Image-caption web data
::::

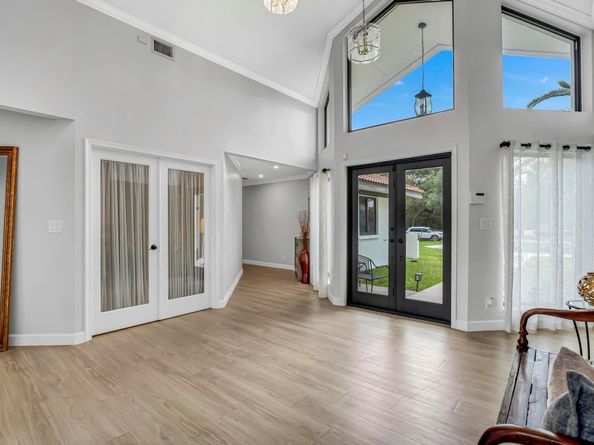 4600 SW 164th Terr, Southwest Ranches FL 33331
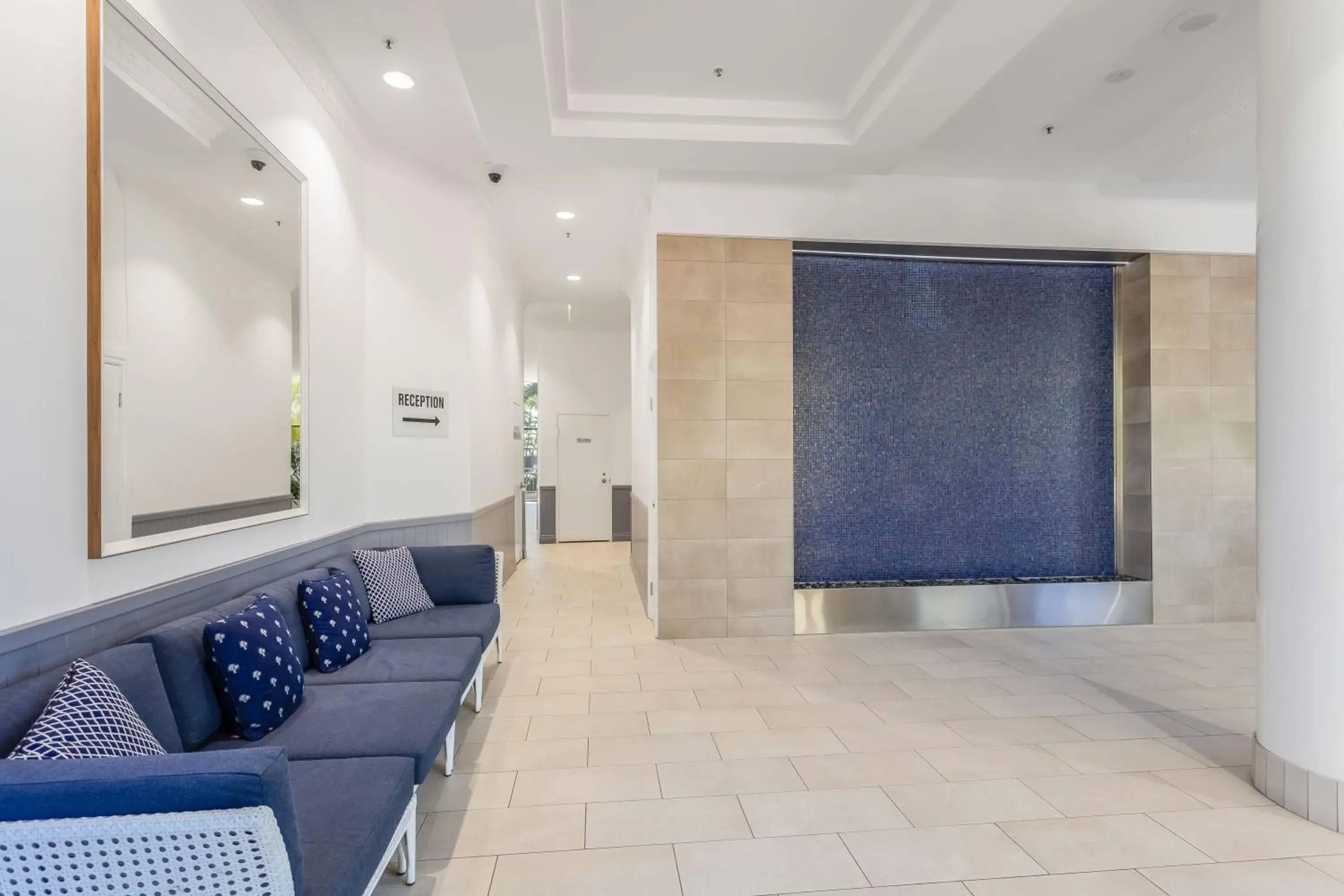 The Meriton Apartments on Main Beach The Meriton Apartments on Main Beach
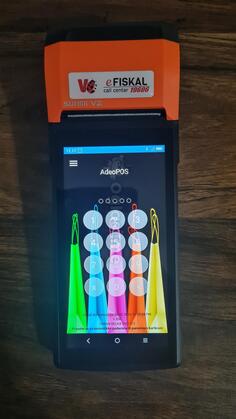 Prodajem fiskalnu kasu / Model: SUNMI V2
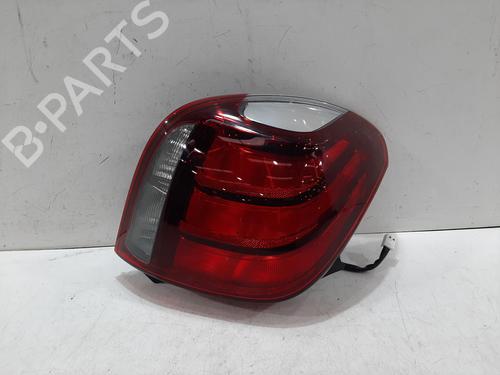 Farolim esquerdo PEUGEOT 108 1.2 (82 hp) 29988797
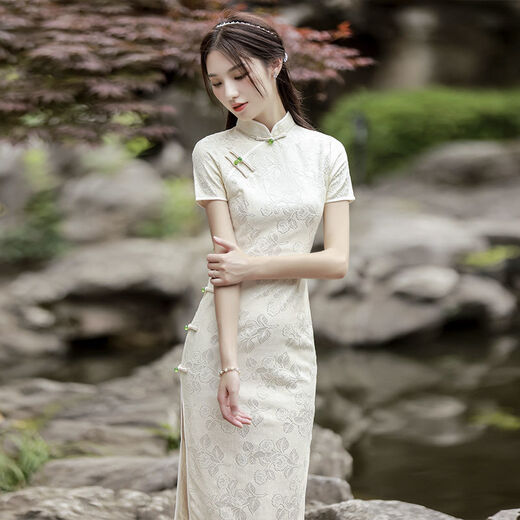 Du Yanzhi cheongsam women's summer new style sexy and bone-breaking young girl high-end temperament French improved Republic of China retro off-white 802 L (165) 100-110Jin Jin equals 0.5 kg (skirt length is about 115)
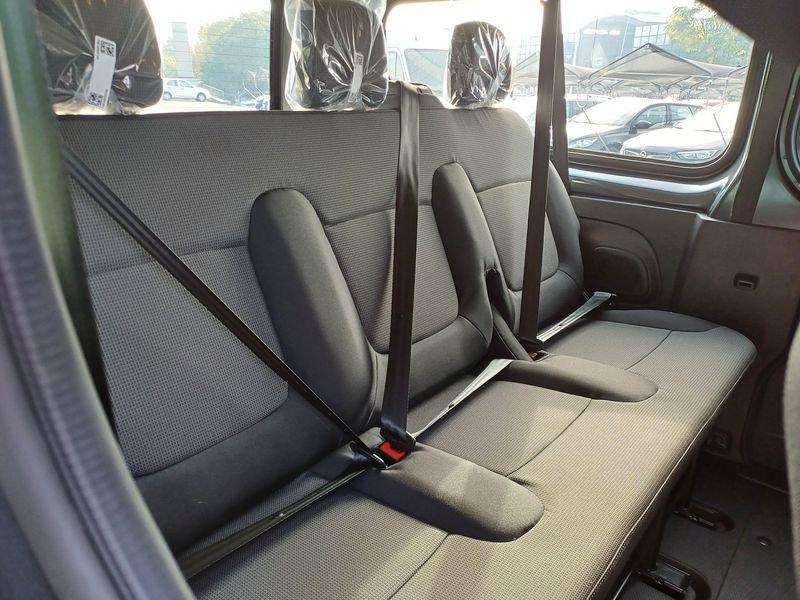 Nissan Primastar P.CONSEGNA 9POSTI PASSO LUNGO 150CV - PREZZO+IVA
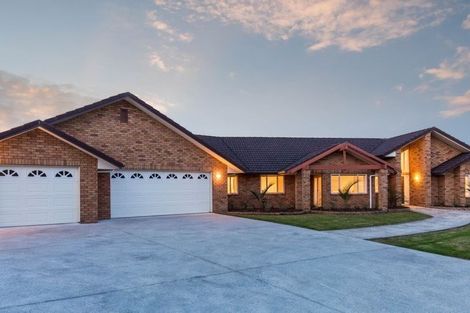 Photo of property in 2 Aunceston Rise, Alfriston, Auckland, 2105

::::

The lines to be quoted run from the line containing "Nissan Primastar P.CONSEGNA" through the end of the entries above, both included; quote them exactly and leave out any pictures.

 Nissan Primastar P.CONSEGNA 9POSTI PASSO LUNGO 150CV - PREZZO+IVA
 Photo of property in 2 Aunceston Rise, Alfriston, Auckland, 2105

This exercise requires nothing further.